* **Recorded data**

+++

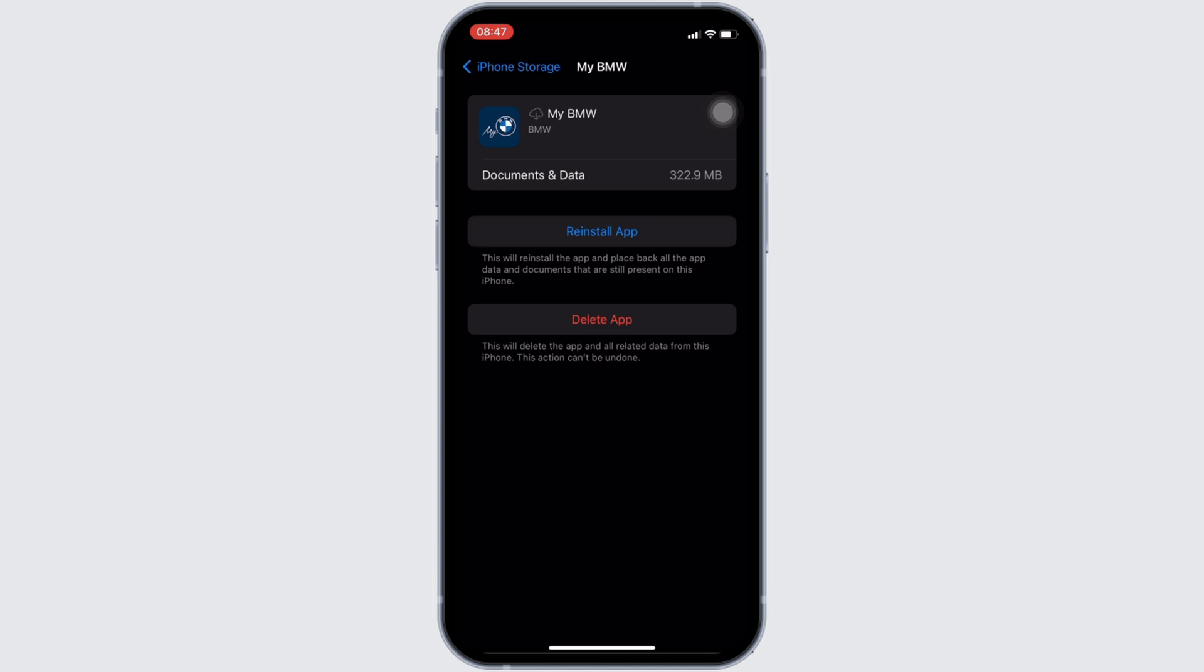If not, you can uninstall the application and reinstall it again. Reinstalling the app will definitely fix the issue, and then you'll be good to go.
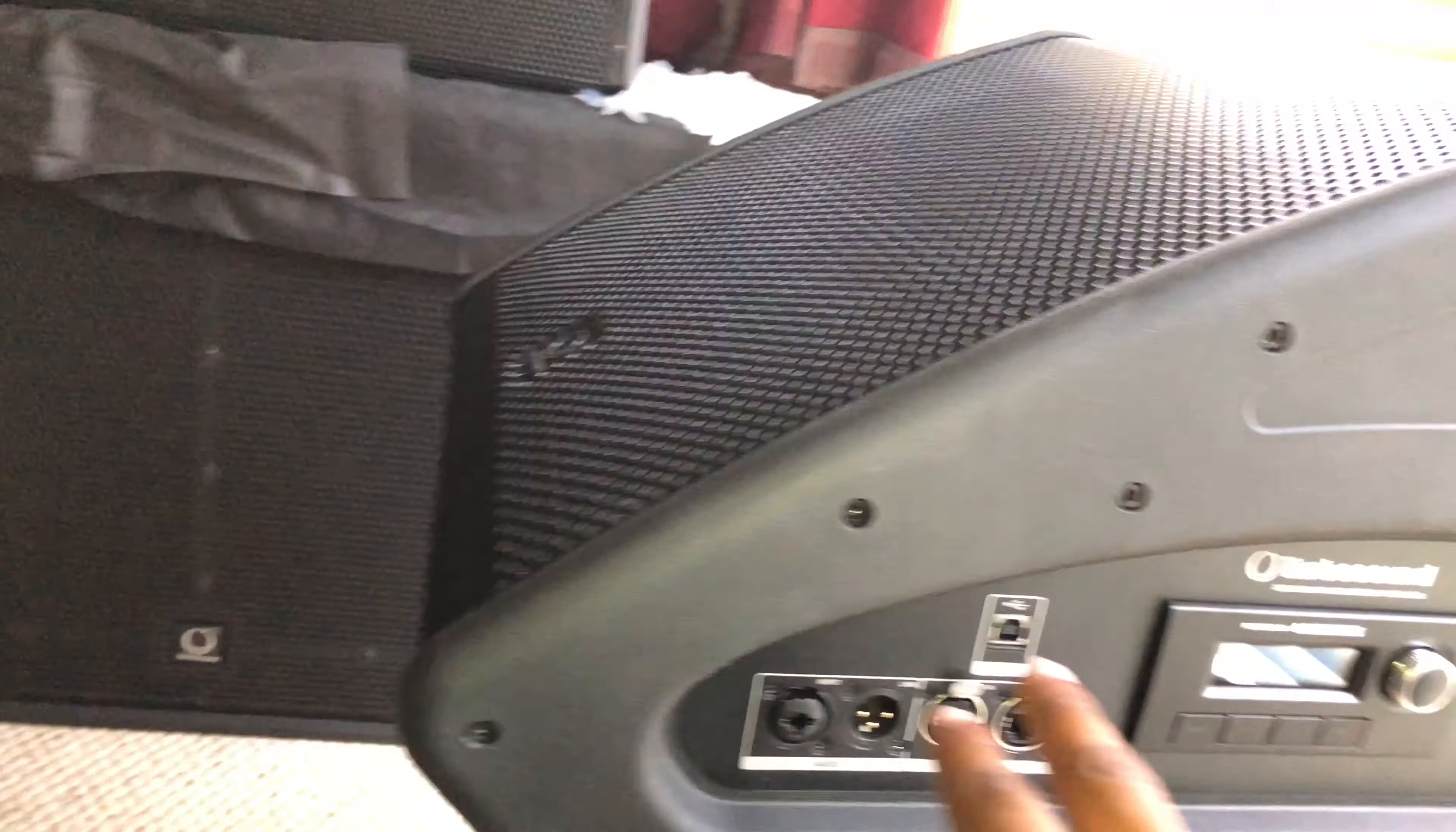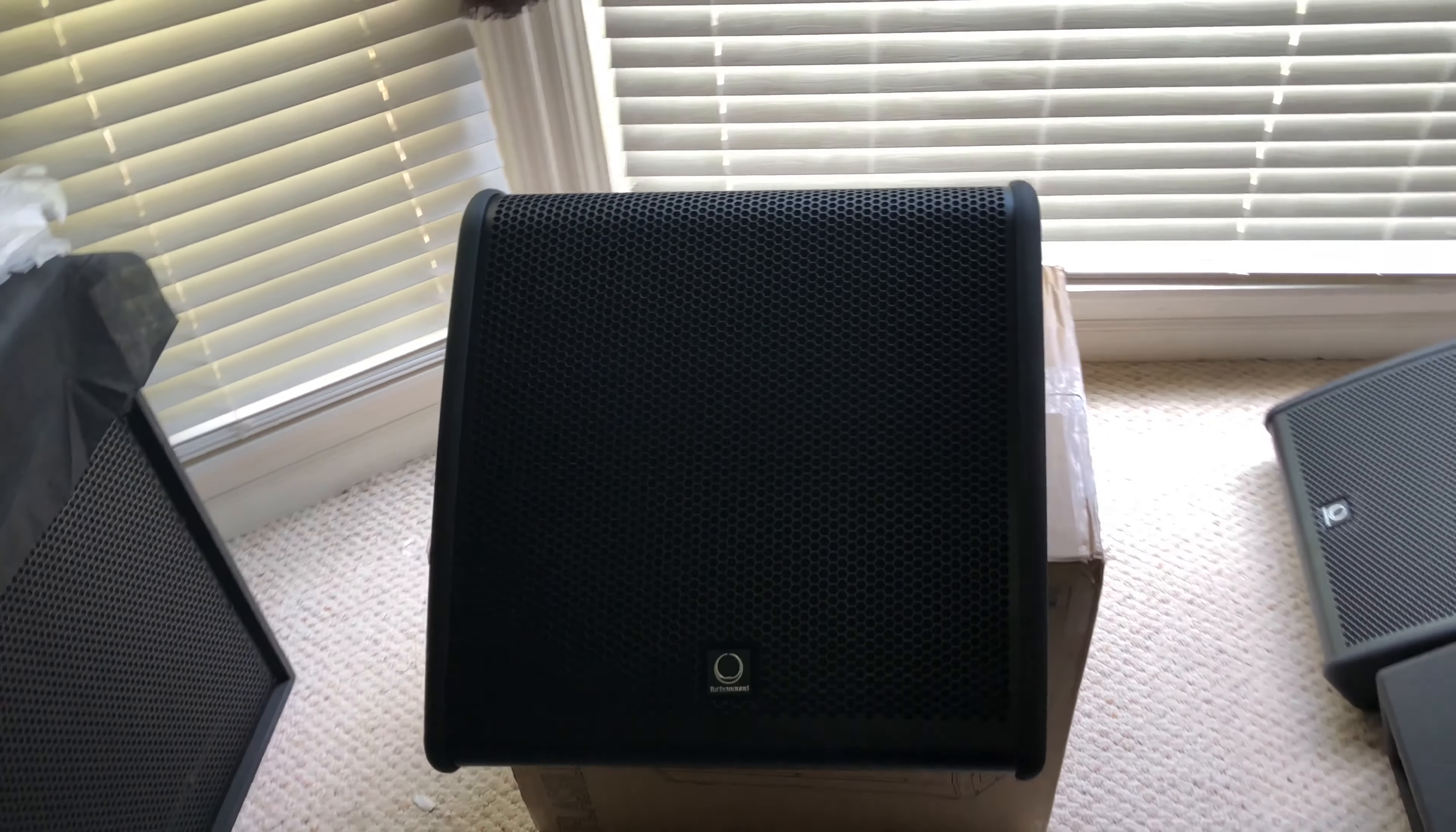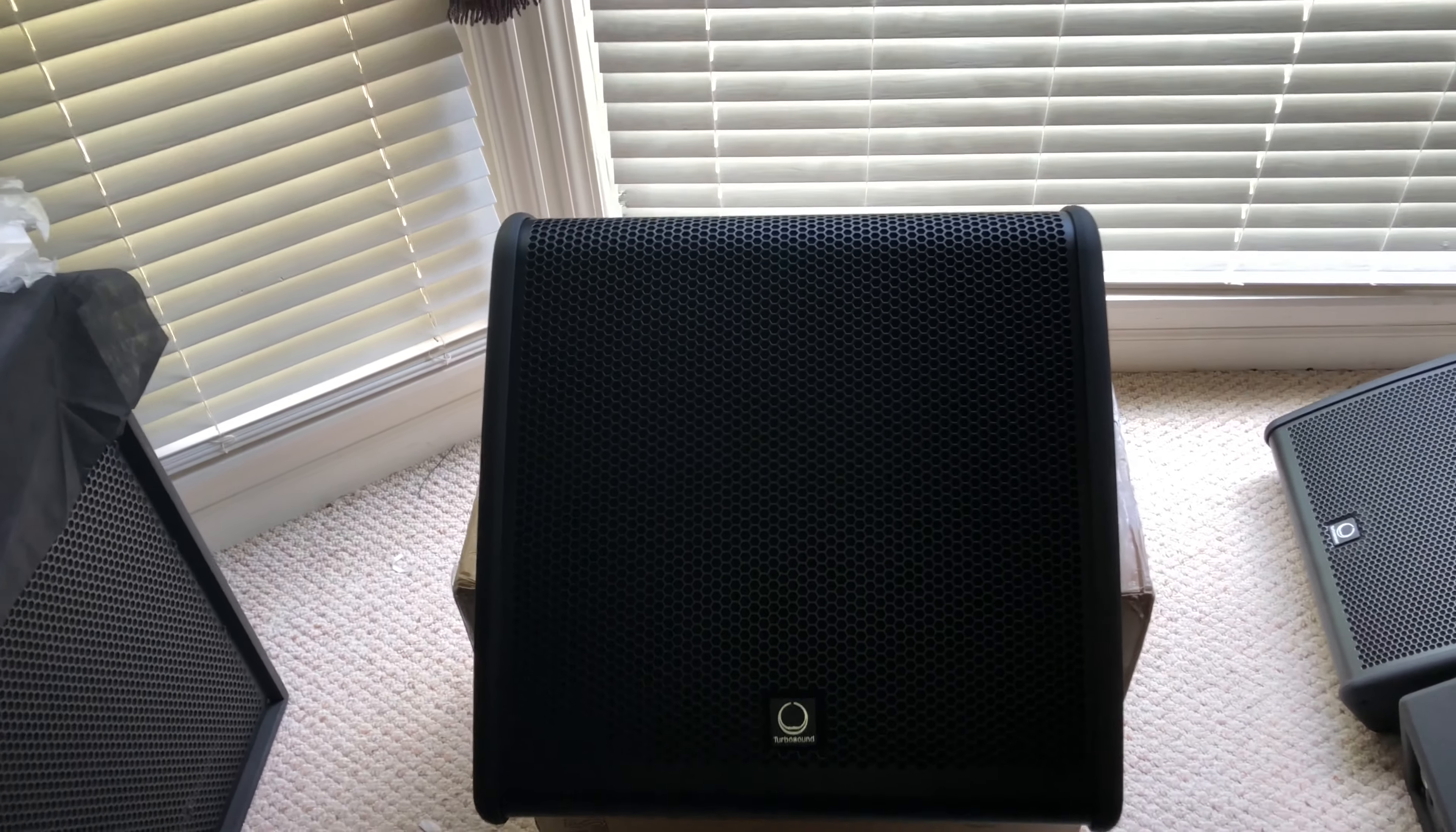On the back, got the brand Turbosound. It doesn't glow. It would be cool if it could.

+++

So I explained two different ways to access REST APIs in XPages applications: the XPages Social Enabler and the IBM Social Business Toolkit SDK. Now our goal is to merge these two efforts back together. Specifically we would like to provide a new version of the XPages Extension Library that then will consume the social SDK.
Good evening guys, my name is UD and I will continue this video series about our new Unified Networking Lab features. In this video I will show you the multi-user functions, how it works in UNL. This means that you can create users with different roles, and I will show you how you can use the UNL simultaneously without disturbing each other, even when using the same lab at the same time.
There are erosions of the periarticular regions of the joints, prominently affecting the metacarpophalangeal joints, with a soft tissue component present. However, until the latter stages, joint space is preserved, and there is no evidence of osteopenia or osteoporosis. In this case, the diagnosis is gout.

+++

Although the records hold pictures, the copy must not; give again exactly the lines from the one with "If not, you" through the one with "On the back, got".

If not, you can uninstall the application and reinstall it again. Reinstalling the app will definitely fix the issue, and then you'll be good to go.
On the back, got the brand Turbosound. It doesn't glow. It would be cool if it could.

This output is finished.